The Ground Truth Problem (Or, Why Evaluating Interpretability Methods Is Hard)

Work done @ SERI-MATS.

Evaluating interpretability methods (and so, developing good ones) is really hard because we have no ground truth. Or at least, no ground truth that we can compare our interpretations directly against.

The ground truth of a model’s behaviour is provided by that model’s architecture and its learned parameters. But, puny humans are unable to interpret this: it’s precise, in that it accurately explains the model’s behaviour, but it’s not interpretable. On the other end of the spectrum we have something like “This model classifies cats” – a statement that is really easy to interpret, but lacks something in the way of precision.

Precise <---------------------------------> Interpretable

^ Useful?

Imagine two interpretations, each generated by a different method with respect to the same model (say, a cat classifier). Method A indicates that the model has learned to use ears and whiskers to identify cats. Method B indicates that it uses eyes and tails. Assuming both are easy to interpret, can we tell which method is most precise? Which most faithfully represents what the model is truly doing?

If we had a method that reconciled precision and interpretability, how would we know?

Well, we can perform sanity checks on the interpretability methods, and throw away any that fail them. This seems good – it’s at least objective – but it only really allows us to throw away obviously bad approaches. It doesn’t say anything about what to do when sane interpretability methods disagree.

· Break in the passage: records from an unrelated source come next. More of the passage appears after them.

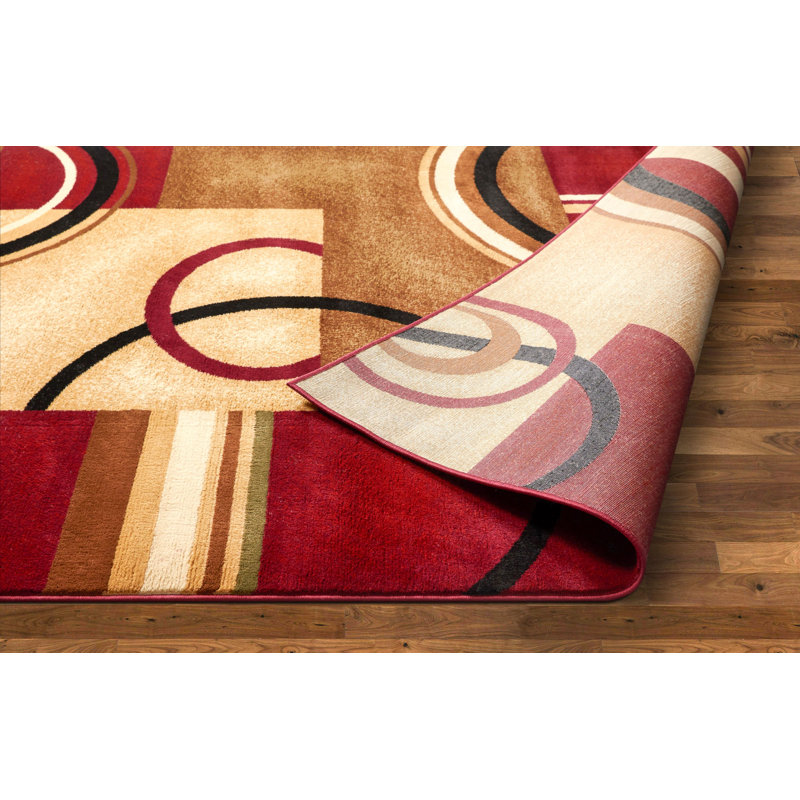 Tapis rouge à motif géométrique Carlecia, Rond 3 pi 11 po x 3 pi 11 po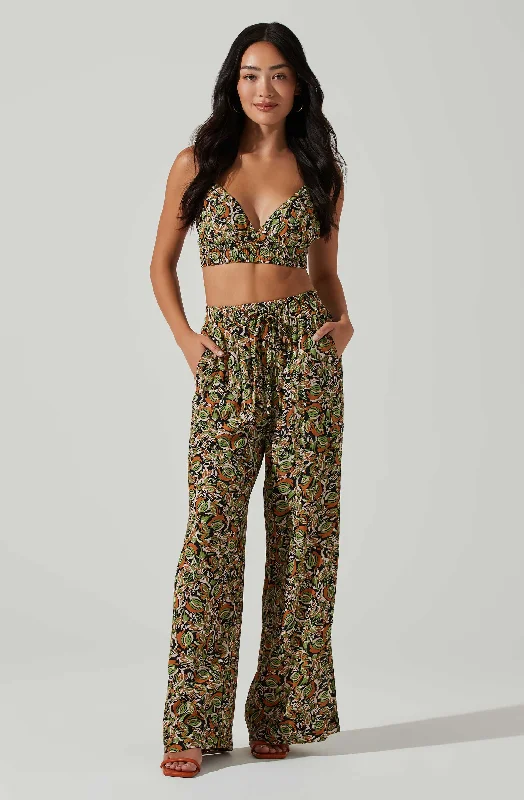 Femi Abstract Print Wide Leg Pants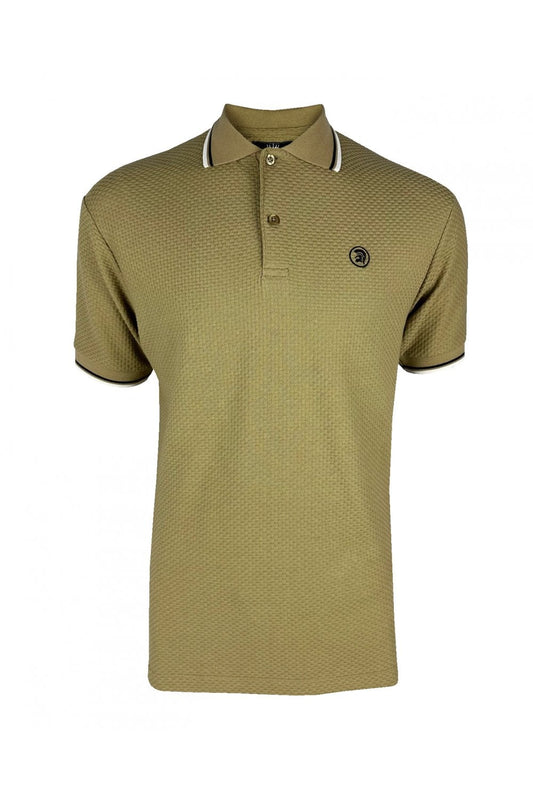 Trojan Records Men's TC1038 Twin Tipped Textured Polo Shirt Camel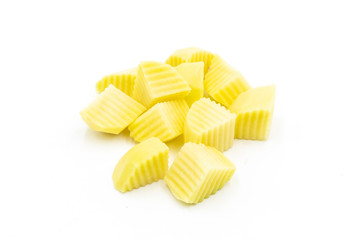 Yellow potatoes dice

We could also look at the interpretations and see if they appear sensible to us. This is a widely used approach (Zeiler et al., Petsuik et al., Fong et al., many many more), and I think it’s a terrible idea.

Example:

  • We’ve made some new interpretability method that is supposed to help us understand which words are used by a language model to identify hate speech in tweets. To see if it works properly, we compare the words highlighted by this interpretability method to the actual hateful words in the tweet. It gets them right! Our new interpretability method works!

  • NO! We have fallen prey to a terrible assumption: that if a model performs well, it has learned to use the same features that a human would use. How we would perform a task is not the ground truth. How the model actually performs a task is, but we don’t know that – it’s what we’re trying to find out!

Example:

  • We use gradient descent to optimise the input to a model such that it maximises the activation of a particular node, layer, or logit. This works, but results in a really noisy input that doesn’t make sense to us – it seems like adversarial noise. So, we regularise the input, perturb it intermittently during optimisation, constrain it to the training data distribution, and voila – we have a nice optimised input that makes sense! We found a fur detector!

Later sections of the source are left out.